Problem requirements: Print exactly and only the lines that run from the one containing "Old Man in a" through the end of the material, please, omitting pictures.

Material provided:
========================

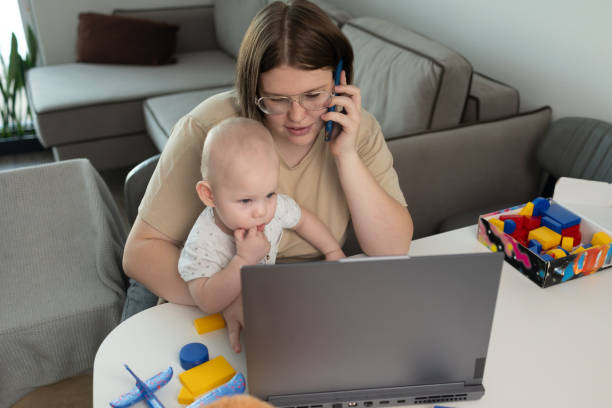 istock A busy parent struggles to balance work and caring for their baby while working from home 2187255746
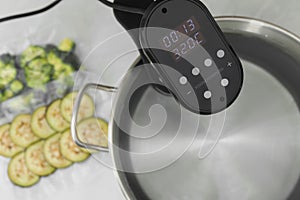Sous vide cooker in pot on white table, closeup. Thermal immersion circulator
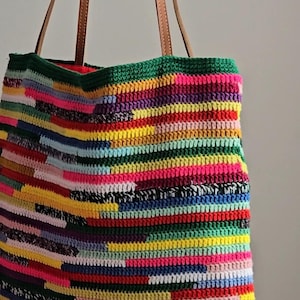 Può includere: Una borsa tote realizzata in filato lavorato all'uncinetto multicolore con un motivo a righe orizzontali nei toni del giallo, rosa, verde, blu, rosso e viola. La borsa presenta due sottili manici in pelle liscia color cuoio.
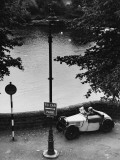 Old Man in a Small Car by the River Dee - Chester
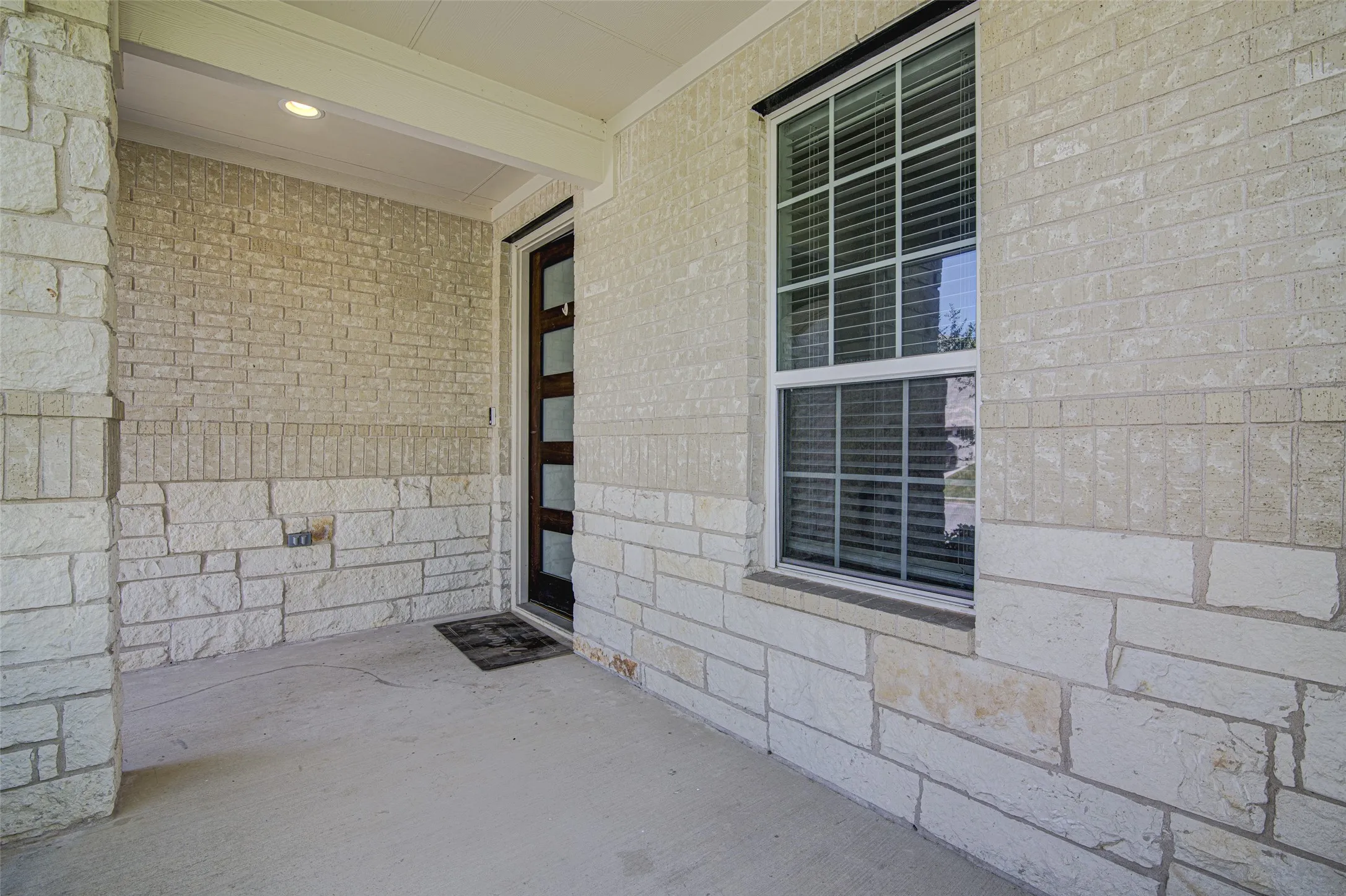 Stone and brick exterior with a covered porch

========================

Finished task:
 Old Man in a Small Car by the River Dee - Chester
 Stone and brick exterior with a covered porch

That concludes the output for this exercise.